[[ INPUT DATA open ]]

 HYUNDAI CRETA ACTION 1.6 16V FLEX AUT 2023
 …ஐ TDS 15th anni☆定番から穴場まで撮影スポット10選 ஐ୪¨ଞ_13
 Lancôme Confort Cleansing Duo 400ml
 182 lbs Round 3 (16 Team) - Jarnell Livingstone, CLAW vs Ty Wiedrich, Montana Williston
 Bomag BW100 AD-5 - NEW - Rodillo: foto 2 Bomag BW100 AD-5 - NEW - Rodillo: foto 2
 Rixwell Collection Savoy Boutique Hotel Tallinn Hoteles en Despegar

[[ INPUT DATA closed ]]
[[ INPUT DATA open ]]

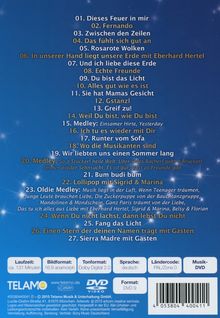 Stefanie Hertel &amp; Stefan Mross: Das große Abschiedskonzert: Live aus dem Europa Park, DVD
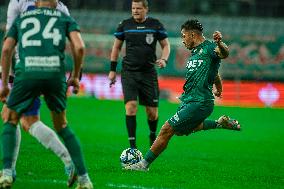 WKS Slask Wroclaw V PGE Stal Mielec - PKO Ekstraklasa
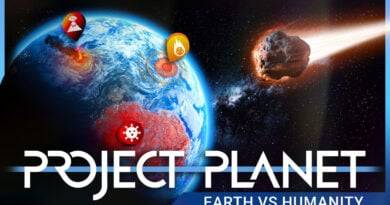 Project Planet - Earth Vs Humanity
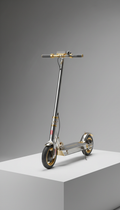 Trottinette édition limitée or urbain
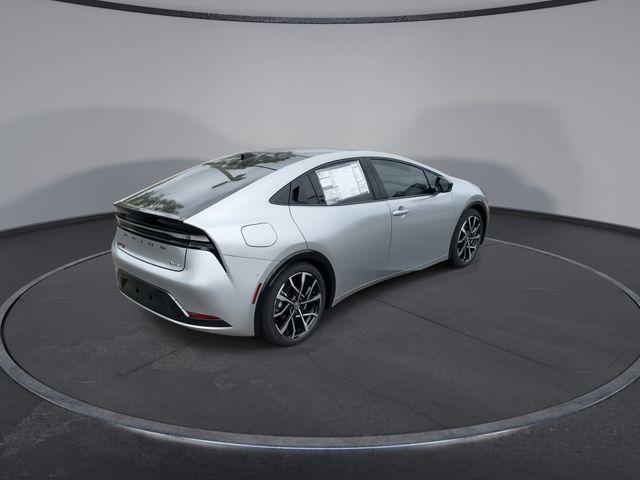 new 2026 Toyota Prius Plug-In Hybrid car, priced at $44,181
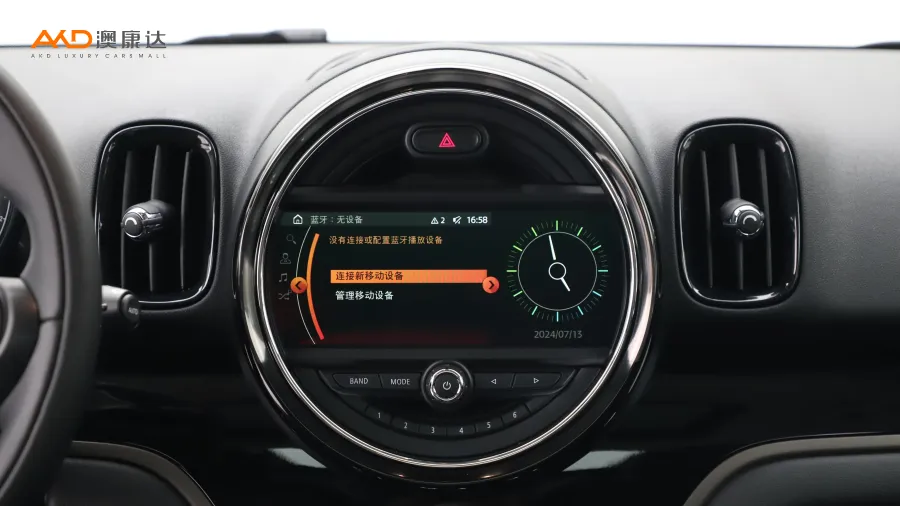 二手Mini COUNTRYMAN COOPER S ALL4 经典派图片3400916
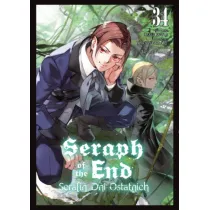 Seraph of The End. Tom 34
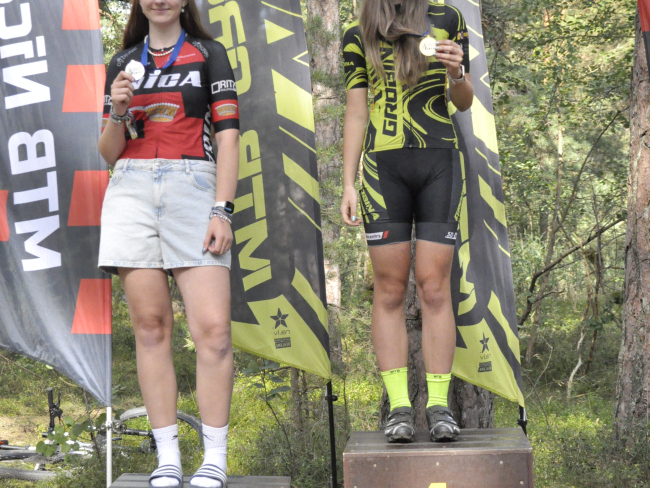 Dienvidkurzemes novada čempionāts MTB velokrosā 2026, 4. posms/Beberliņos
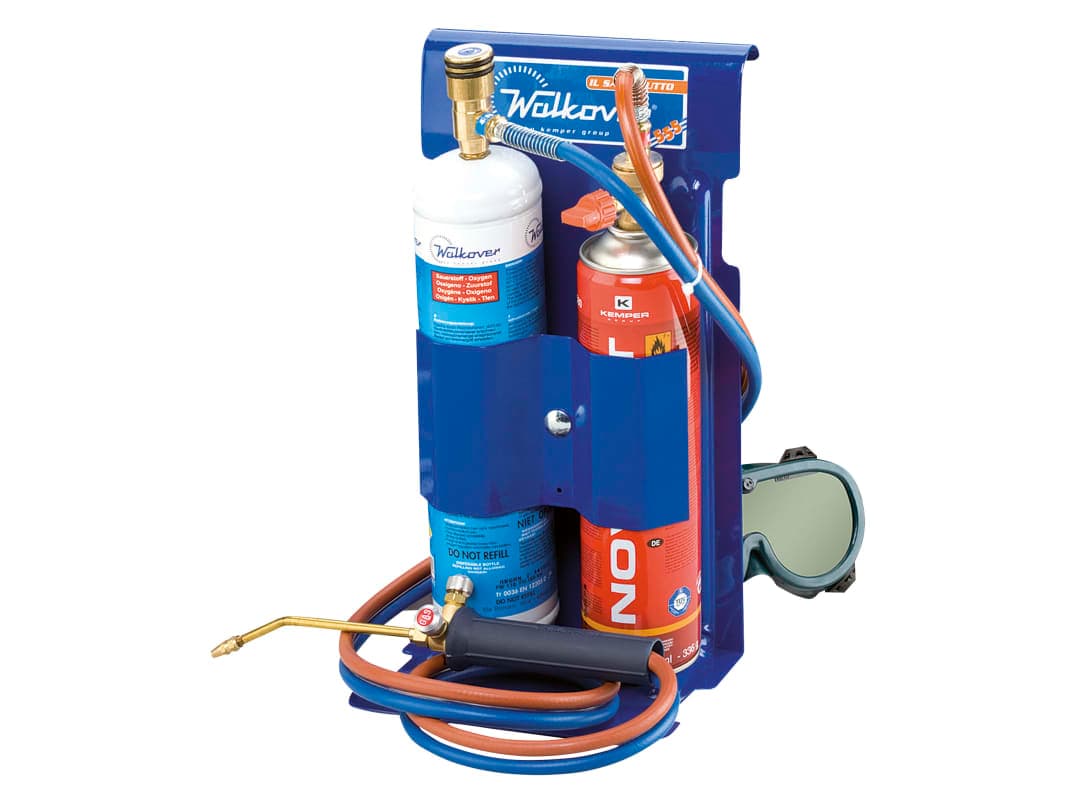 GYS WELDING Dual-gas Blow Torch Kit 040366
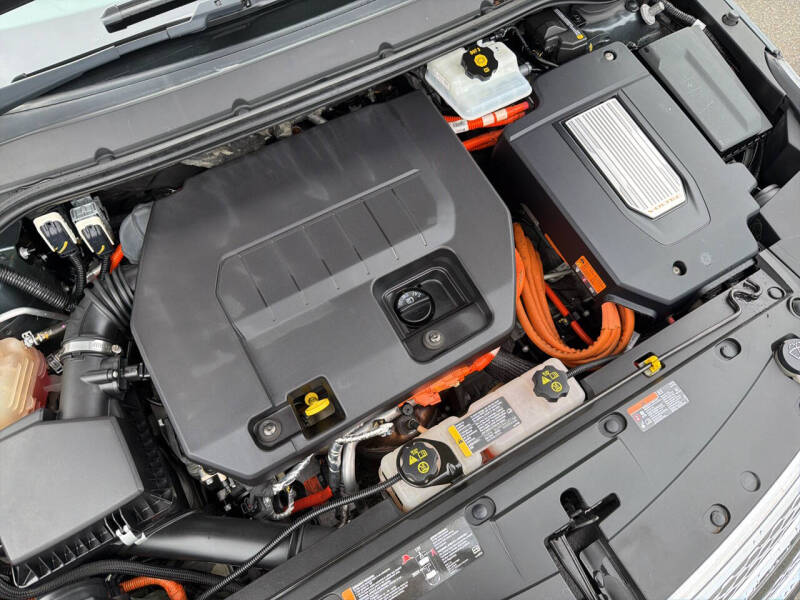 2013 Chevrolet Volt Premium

[[ INPUT DATA closed ]]

--- EXERCISE BRIEF ---
Write back the stretch of lines above that begins with the line holding "Project Planet - Earth Vs Humanity" and ends with the line holding "2013 Chevrolet Volt Premium", both included, exactly as written. Pictures stay out.

--- RESPONSE BOX ---
 Project Planet - Earth Vs Humanity
 Trottinette édition limitée or urbain
 new 2026 Toyota Prius Plug-In Hybrid car, priced at $44,181
 二手Mini COUNTRYMAN COOPER S ALL4 经典派图片3400916
 Seraph of The End. Tom 34
 Dienvidkurzemes novada čempionāts MTB velokrosā 2026, 4. posms/Beberliņos
 GYS WELDING Dual-gas Blow Torch Kit 040366
 2013 Chevrolet Volt Premium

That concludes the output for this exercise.